Jhapa Gold Cup
- Founded: 2016
- Region: Nepal
- Teams: 10 (2026)
- Current champions: Machhindra Football Club (7th edition)
- Most championships: Nepal Army Football Club (4 titles)
- Website: www.jhapagoldcup.com
- 2026 Jhapa Gold Cup

= Jhapa Gold Cup =

Nepal football tournament

Jhapa Gold Cup (Nepali: झापा गोल्डकप) is an annual football tournament held in Birtamod, Jhapa District, Nepal. The competition features participation from clubs in the Martyr's Memorial A-Division League as well as departmental and invited international teams. Matches are played at Domalal Rajbanshi Stadium.

The tournament has gained regional prominence for attracting large spectator attendance in eastern Nepal.

==History==

The Jhapa Gold Cup has been organized by Jhapa XI Football Club since its establishment in 2016. The tournament features leading domestic clubs along with selected foreign teams from India, Bhutan and Malaysia. The inaugural edition was won by Tribhuvan Army Club. As of the seventh edition, Tribhuvan Army Club has won the tournament four times, while host team Jhapa XI has finished as runner-up on four occasions.

==Results==

| Title | Year (B.S) | Year (A.D) | Champions | Runners-up | Final score | Refs. |
|---|---|---|---|---|---|---|
| 1st | 2072 | 2016 | Nepal Army Club | Jhapa XI | 1–0 | ^{[citation needed]} |
| 2nd | 2073 | 2017 | Manang Marshyangdi Club | Jhapa XI | 1–0 | ^{[citation needed]} |
| 3rd | 2074 | 2018 | Nepal Army Club | Jhapa XI | 1–1 (8–7 on penalties) |  |
| 4th | 2074 | 2019 | Nepal Army Club | Jhapa XI | 5–3 |  |
| 5th | 2078 | 2022 | Nepal Army | Jhapa XI | 2–1 |  |
| 6th | 2080 | 2024 | Church Boys United | APF F.C. | 3–0 |  |
| 7th | 2082 | 2026 | Machhindra Football Club | APF F.C. | 3–1 |  |

== Editions ==

=== Third Edition (2018) ===

The third edition of the Jhapa Gold Cup was won by Tribhuvan Army Club, who defeated host team Jhapa XI in the final at Domalal Rajbanshi Stadium in Birtamod.

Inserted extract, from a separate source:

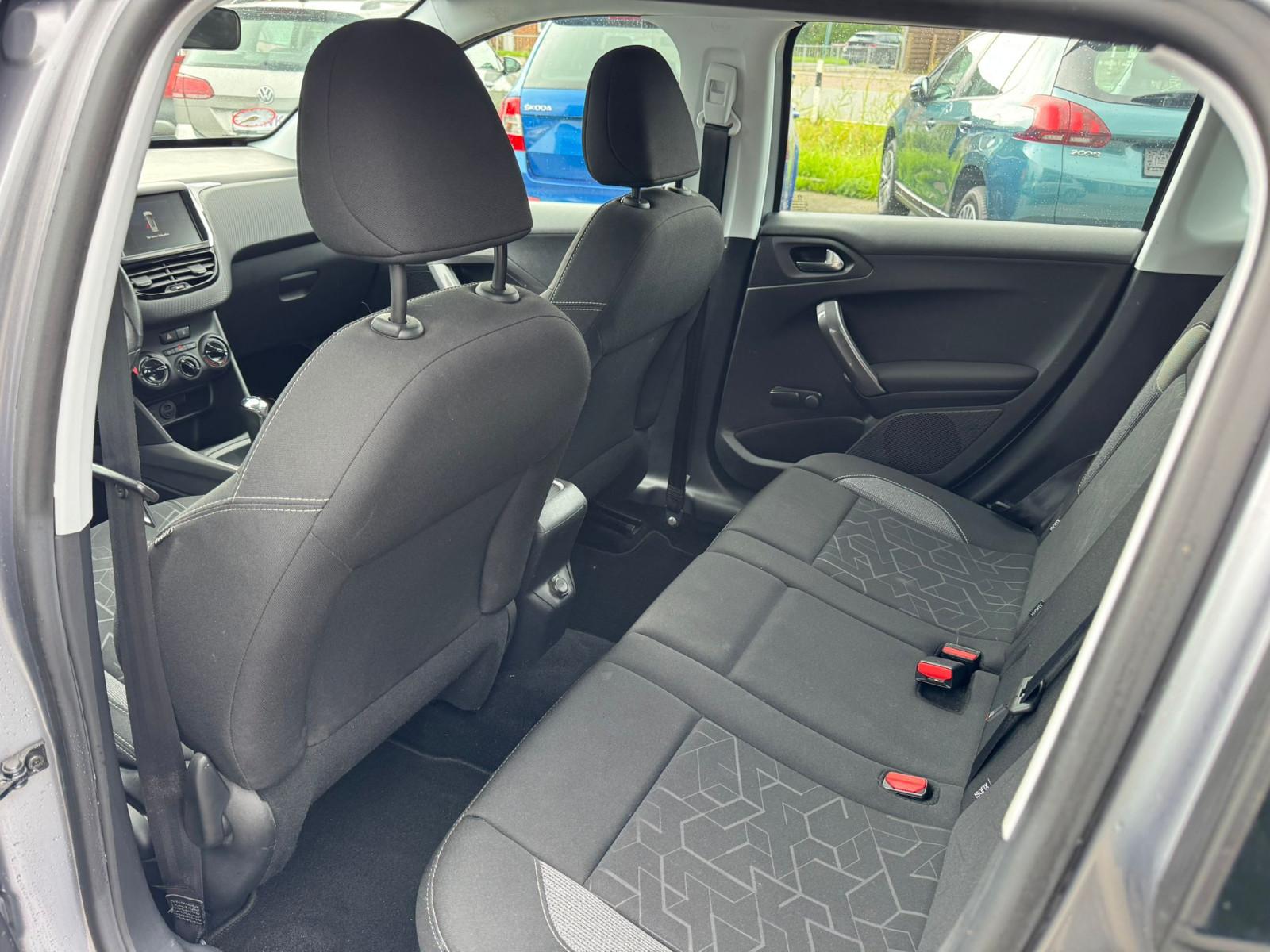 Peugeot 2008 Active AUTOMATIK/HU+SERVICE NEU/KLIMA/SH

The final ended 1–1 in regulation time, with Karna Limbu scoring for Jhapa XI and Bharat Khawas equalizing for Army in the 86th minute. After a goalless extra-time period, the match was decided by a penalty shoot-out, which eventually went to sudden death. Tribhuvan Army Club secured victory with an 8–7 result in sudden death.

With the win, Army received NPR 1,250,000 as prize money, while Jhapa XI received NPR 600,000 as runners-up.

Army goalkeeper Bikesh Kuthu was named Best Goalkeeper, while Devendra Tamang and Santosh Tamang received Best Defender and Best Midfielder awards respectively. Jhapa XI’s Yogesh Gurung was named the Most Valuable Player of the tournament and received a motorcycle. Karna Limbu was the tournament’s highest goal scorer with three goals.

The tournament featured ten teams, including A-Division clubs and invited foreign participation.

=== Fourth Edition (2019) ===

The fourth edition of the Jhapa Gold Cup was won by Tribhuvan Army Club, who defeated host team Jhapa XI 5–3 in the final at Domalal Rajbanshi Stadium in Birtamod.

Santosh Tamang scored twice for Army, while Bharat Khawas, Nawayug Shrestha and Tek Bahadur Budhathoki added one goal each. Jhapa XI replied through Yogesh Gurung and foreign players Francis and Victor.

With the victory, Tribhuvan Army Club secured their third Jhapa Gold Cup title. The champions received NPR 1,250,000, while Jhapa XI received NPR 605,000 as runners-up.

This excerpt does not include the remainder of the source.